Take a look at the state’s books and you will find a permanent deficit that runs about $5 billion a year. This is the result of a poorly designed scheme in 2006 to swap a property-tax reduction for a business tax that doesn’t generate enough money. Everyone at the Capitol knows about this mess. But no one has the guts—or the sense of responsibility—to deal with it. As a result, the structural deficit has now become as much a part of state government as the Capitol’s pink granite. In 2013—for the fourth session in a row—the state will start its budget process in a $10 billion hole at a minimum.

Then there are the accounting tricks. To balance the 2012-2013 budget without more revenue, lawmakers used every budget gimmick a dishonest accountant could think off. For instance, the budget proposals delay billions in payments to schools and Medicaid providers until the next biennium and count that as “savings” now. The state will have to pay those bills eventually, probably with a multi-billion-dollar emergency spending plan in 2013.

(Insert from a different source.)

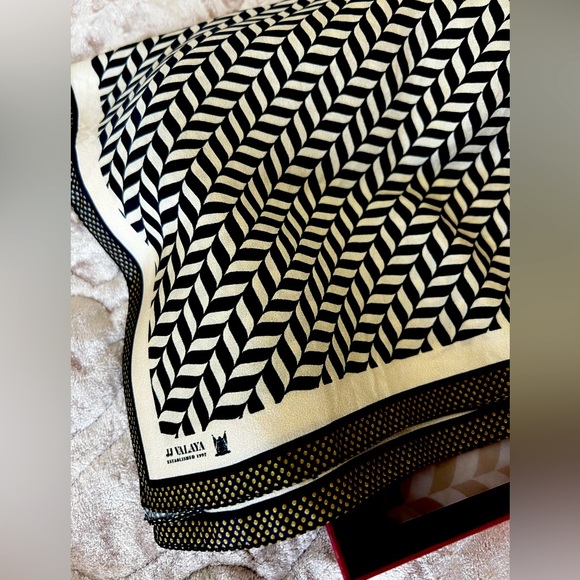 Pocket scarf by JJ Valaya - Picture 1 of 3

Lawmakers are recklessly gambling that an improving economy will help alleviate these problems, and they are making wing-and-a-prayer assumptions about future actions of the federal government. The Legislature assumes billions in cost-savings from Medicaid and other health-care waivers that Texas has requested from its dear friends in the Obama administration. That’s not likely, especially given that the Bush administration turned down those very same requests. Another ludicrous rider in the budget assumes the feds will pick up 100 percent of the health-care costs of undocumented immigrants. If these assumptions don’t pan out, Texas’ 2013 bill will be even higher.

This budget not only implements drastic cuts to education and health care, but sets us up for another round of painful reductions in two years.